(Image-text web data)
=======

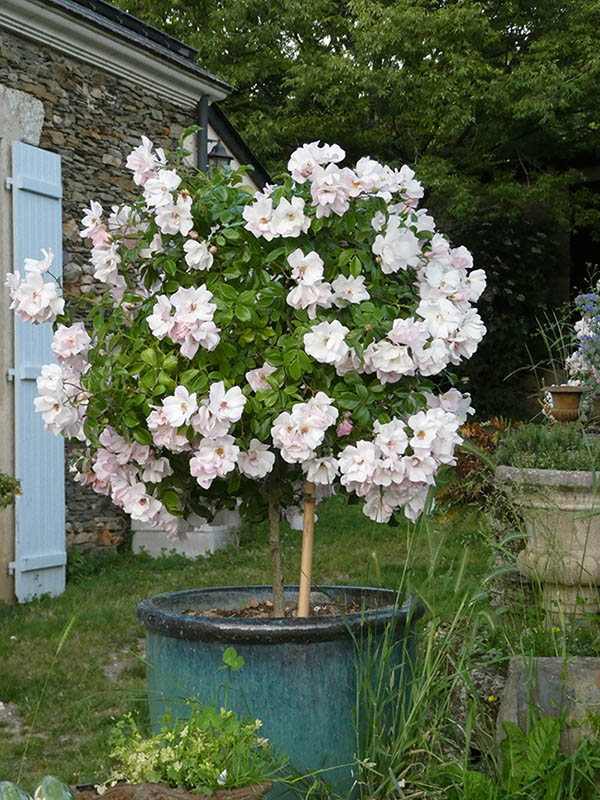 Comment planter et entretenir vos rosier en pot ? - Roses André Eve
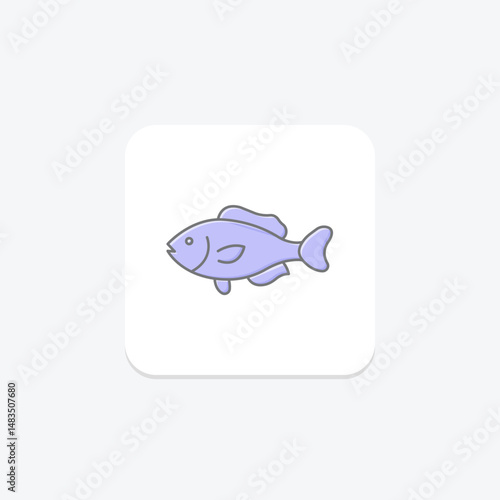 Wrasse, vector, pixel perfect, illustrator file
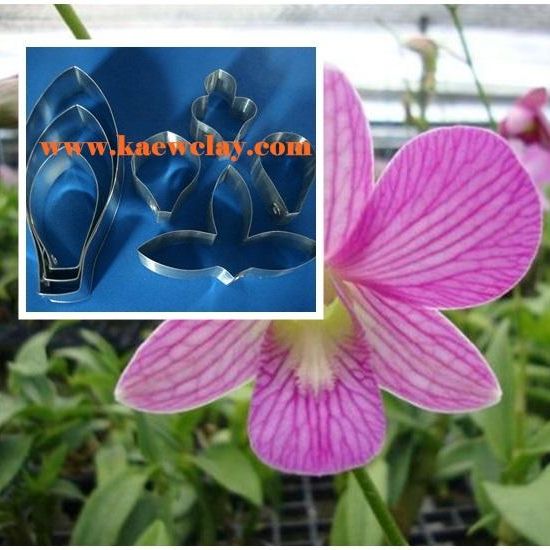 พิมพ์ตัดกล้วยไม้หวาย (Aluminum mold cutter Dendrobium )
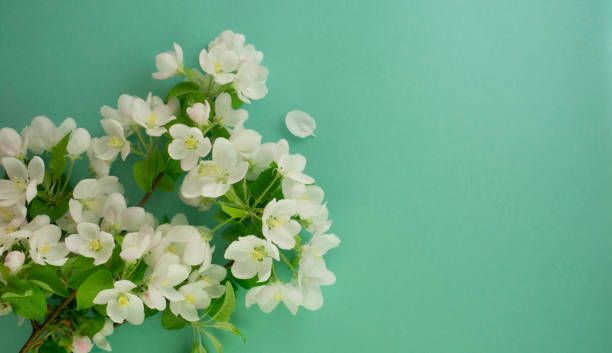 istock White flowers on a turquoise background. Spring blooming apple 952375982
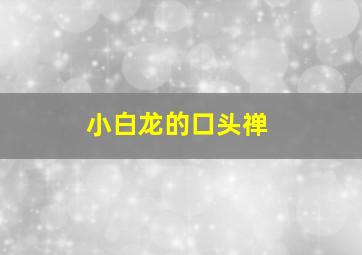 小白龙的口头禅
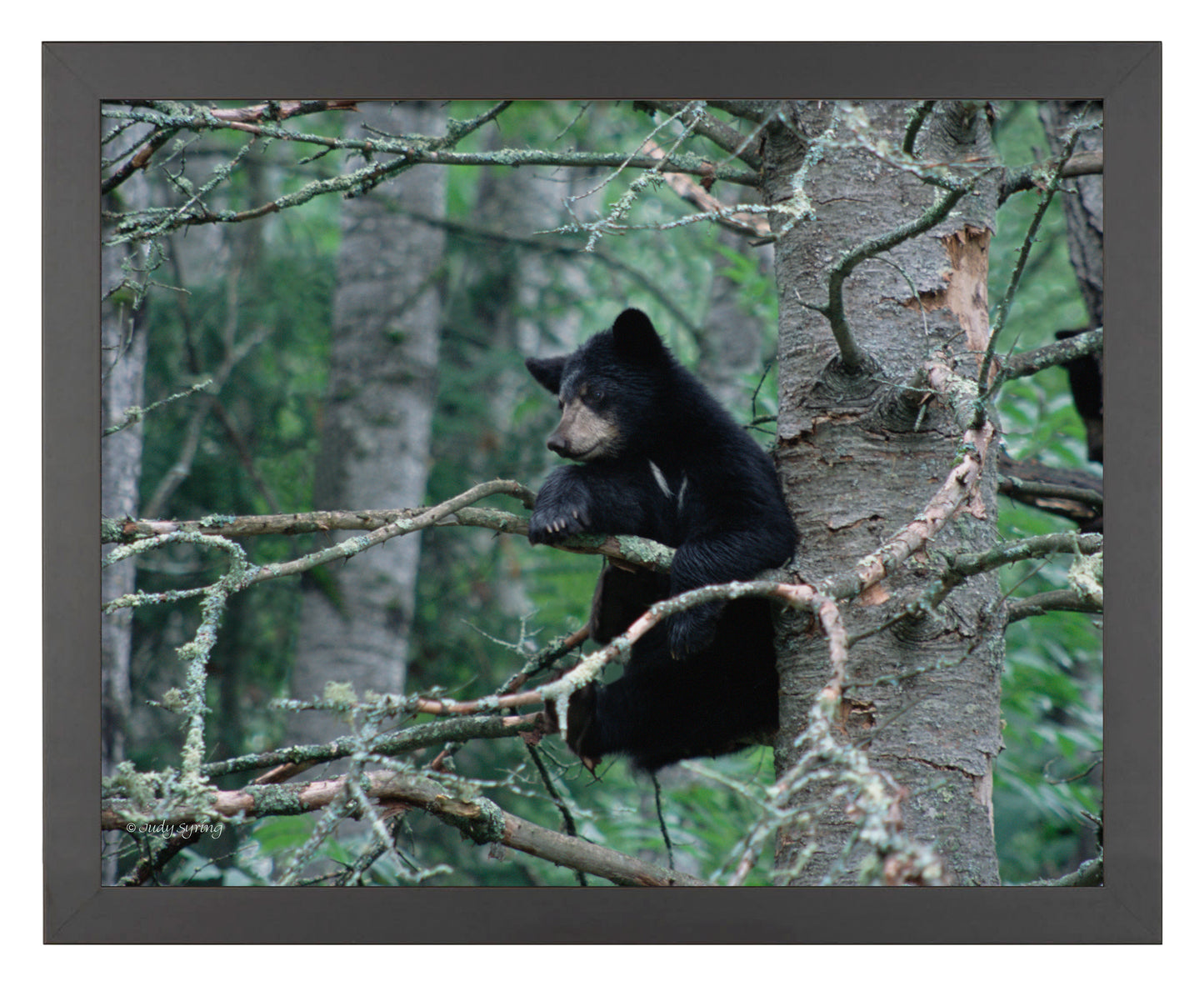 Black Bear Cub - Art Prints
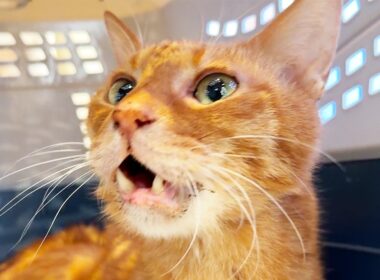 ベテラン子猫、腎臓に腫瘍が見つかる　The final days of my third cat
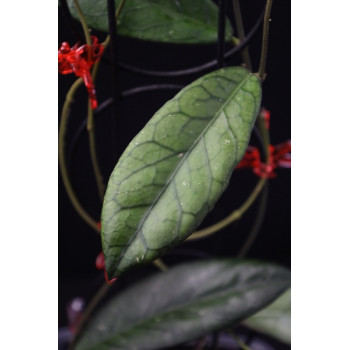 Hoya sp. Tanggamus ( round leaves ) sklep z kwiatami hoya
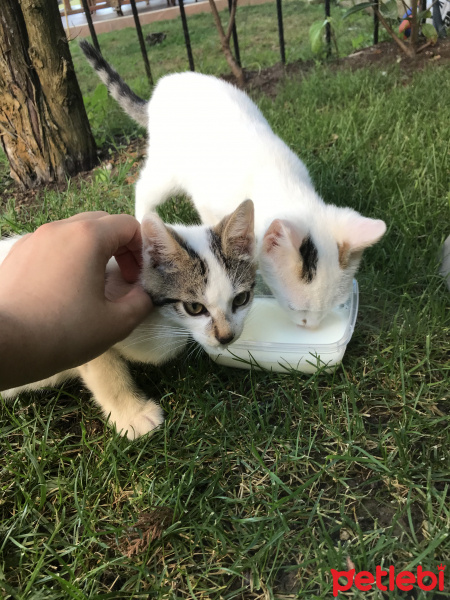 European Shorthair, Kedi  İsim Koyulmadı fotoğrafı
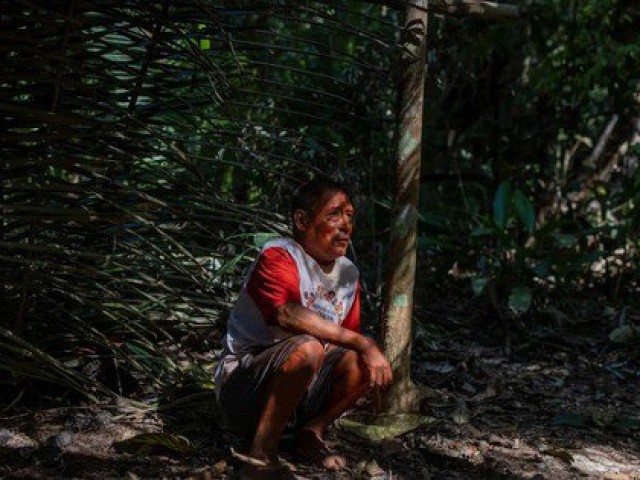 Những người sống sót cuối cùng của bộ tộc bản địa Amazon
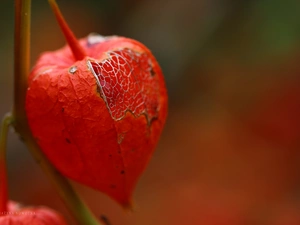 plant, physalis bloated, red hot
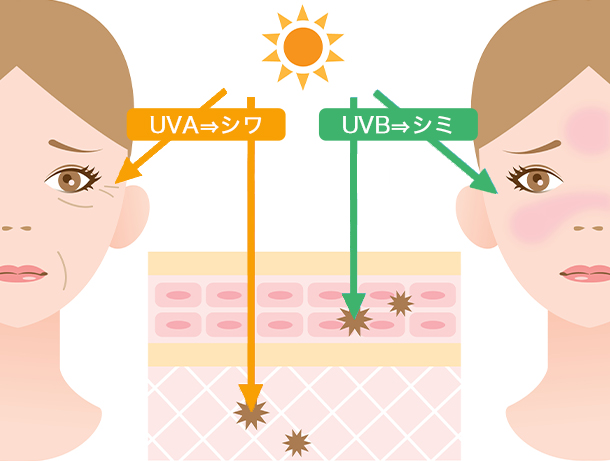 紫外線による健康への影響とは？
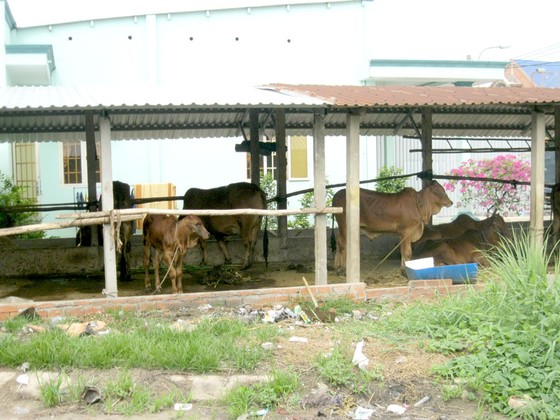 An Phú Hưng sau 2 năm xóa treo ảnh 3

=======

ASSIGNMENT
With the pictures excluded, the line containing "European Shorthair, Kedi" and every line after it through the end of the data above are to be transcribed exactly, and nothing more.

YOUR SOLUTION
 European Shorthair, Kedi  İsim Koyulmadı fotoğrafı
 Những người sống sót cuối cùng của bộ tộc bản địa Amazon
 plant, physalis bloated, red hot
 紫外線による健康への影響とは？
 An Phú Hưng sau 2 năm xóa treo ảnh 3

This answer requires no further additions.